Gardeners have been working hard all summer, sweating in the sun, toiling in the dirt. Depending on what you’ve been planting, it’s about time to start reaping what you sowed all those months ago. But many of us don’t want to give up on our gardens just yet. There’s still plenty of fall gardening maintenance to complete before the first fall frost, but there are also a few types of vegetables that gardeners can still plant while the ground is warm. The first fall frost is only a couple weeks away for most of us in the northern states, but it’s still just far enough away in most southern regions (and some parts of the north–check out this easy guide for estimated dates for 2016) to give quick-yielding veggies a fighting chance to beat the fall frost deadline.
Nurturing in the North
Lettuce is one of the few veggies that grows particularly well when the soil drops to a cooler temperature. The resilient leafy green can also continue to thrive when the daylight hours decrease and the air gets a little more crisp. It’s a great solution for anyone in northern regions with fall frost dates earlier in the year, including the Midwest, Pacific Northwest as well as the Northeast, growing just in time for Thanksgiving.
Avid gardeners may have already switched to planting spinach in the fall rather than the spring in order to yield better results through the winter season, but planting spinach early enough before fall starts has also been known to produce results before the first frost starts to wreak havoc. Leafy greens like spinach and lettuce, as well as mustard or collard greens, do well in the cool season when the temps are lower.
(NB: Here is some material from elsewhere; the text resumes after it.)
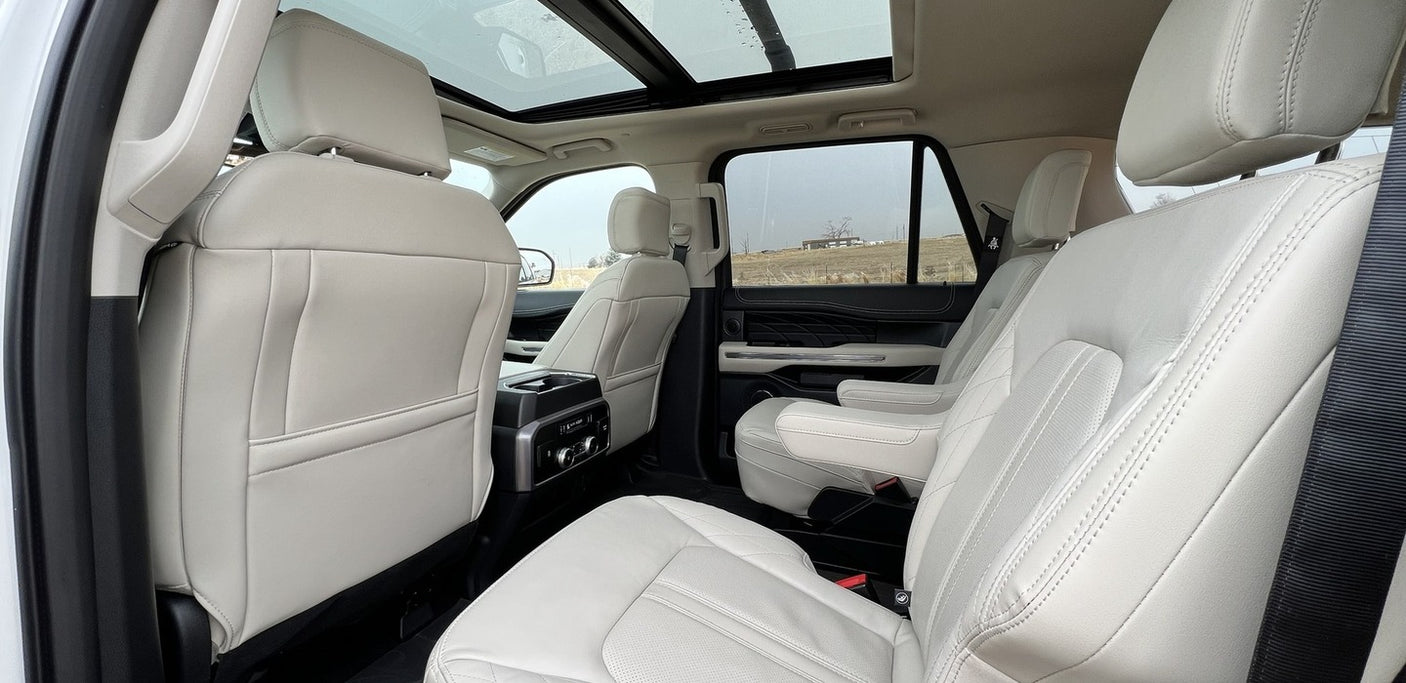 Spacious light-colored SUV interior features panoramic roof & leather seats. Perfect for a luxurious RV rental alternative.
As long as you’re taking a chance on growing leafy greens in the cooler months, you can also throw in a steady supply of radishes to fill out your fall gardening. They’ll grow well along with the leafy greens, and because they’re some of the quickest-growing vegetables, you can get away with planting a couple rows now–at the end of summer–and expect them to reach full maturity in most regions in around four weeks.
Savoring in the South
Most regions in the south don’t experience their first fall frost until November, and in some places, early December. This gives you a little more time to plant some of your favorite veggies. In addition to greens such as lettuce and spinach, kale can stand up to the cooler temperatures as well. However, it requires more sunlight and nutrient-rich soil. It’s suggested to enrich with fertilizer or composting before planting.
Like many types of veggies you plant in the fall, peas are susceptible to irreparable damage when frost starts to blanket your garden and freeze the soil. However, peas are also an example of a fall crop that’s capable of thriving in cooler conditions, producing sweeter and more satisfying results as the days start getting shorter. Mild winters make it easy to plant varieties like snow peas later into the autumn season.
The first thing you want to do before you think about planting seeds in your garden this fall is to make sure you have enough time before the first frost as well as the right soil conditions to produce a quick yield.